The Final Stave begins and it is instantly clear to the reader that the transformation of Scrooge is complete. His character is now at the opposite end of the spectrum from the beginning of the book, impossibly good and with a sense of humour where before there was none. This is shown by the joke he plays with Bob Cratchit in which he reverts to his old self in jest. Charles Dickens here illustrates to his audience the massive change that Scrooge’s personality and character has undergone through the visits of the spirits.
‘Bob trembled, and got a little nearer to the ruler. He had a momentary idea of knocking Scrooge down with it; holding him, and calling to the people in the court for help and a strait-waistcoat.’
Dickens shows the shock of the character, Bob Cratchit, who knew Scrooge best at his transformation and emphasising to the reader the great change in his persona at this time.
Dickens uses Scrooge’s delight at the end compared with his despair at the beginning of the book to highlight to his audience the gains that they can make from becoming more generous and caring to the people around them. ‘His own heart laughed: and that was quite enough for him.’ This quote is Dickens attempting to show his audience that although helping people may involve no monetary gains, the sheer happiness brought from helping those in need will be compensation enough.

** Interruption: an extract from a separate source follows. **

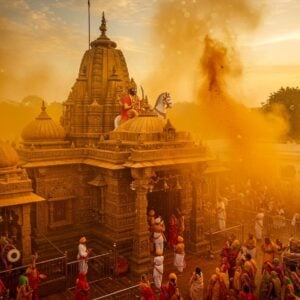 A majestic aerial view of the golden-hued Khandoba Temple in Jejuri during the Bhandara festival, with millions of turmeric particles floating in the air creating a mystical golden atmosphere. The temple architecture features intricate Maratha-style details with stepped pyramidal shikhara, carved pillars, and decorative arches. In the foreground, devotees dressed in traditional Maharashtrian attire (men in white dhoti-kurta and women in nauvari sarees) are throwing turmeric powder skyward. Lord Khandoba appears as a divine manifestation in the golden mist - mounted on a white horse, holding a sword in his right hand and a bowl in his left, wearing a traditional Marathi turban. The scene is illuminated by warm sunset light creating dramatic shadows and highlighting the temple's stone architecture. Sacred flags and bells adorn the temple premises, while traditional drums (dhol-tasha) are visible in the corner. The composition uses a rich color palette of saffron, deep maroon, and gold, with intricate Madhubani-style patterns integrated into the sky. The overall atmosphere is surreal and spiritually uplifting, with lens flares and bokeh effects enhancing the divine ambiance.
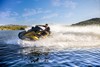 Side angle of a person turning on a personal watercraft on the water.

A Christmas Carol could be described by some as being too moralistic even for Dickens’s audience of the educated upper classes who exploited the classes below them. This is because the character of Scrooge portrayed here is given a persona so awful to his fellows that it could not have existed in real life. Although this book was needed it was over the top in the presentation of its arguments. I, on the other hand, disagree with that argument because having a character such as Scrooge allowed the maximum amount of people to be able to identify their own character flaws with him. Some of Dickens’s contemporaries lacked social conscience to such a degree that a didactic plot such as this was required to get them to notice the message of this pamphlet that Dickens wished to produce on social responsibility. I think that he was successful in producing one and gaining the attention of his desired audience.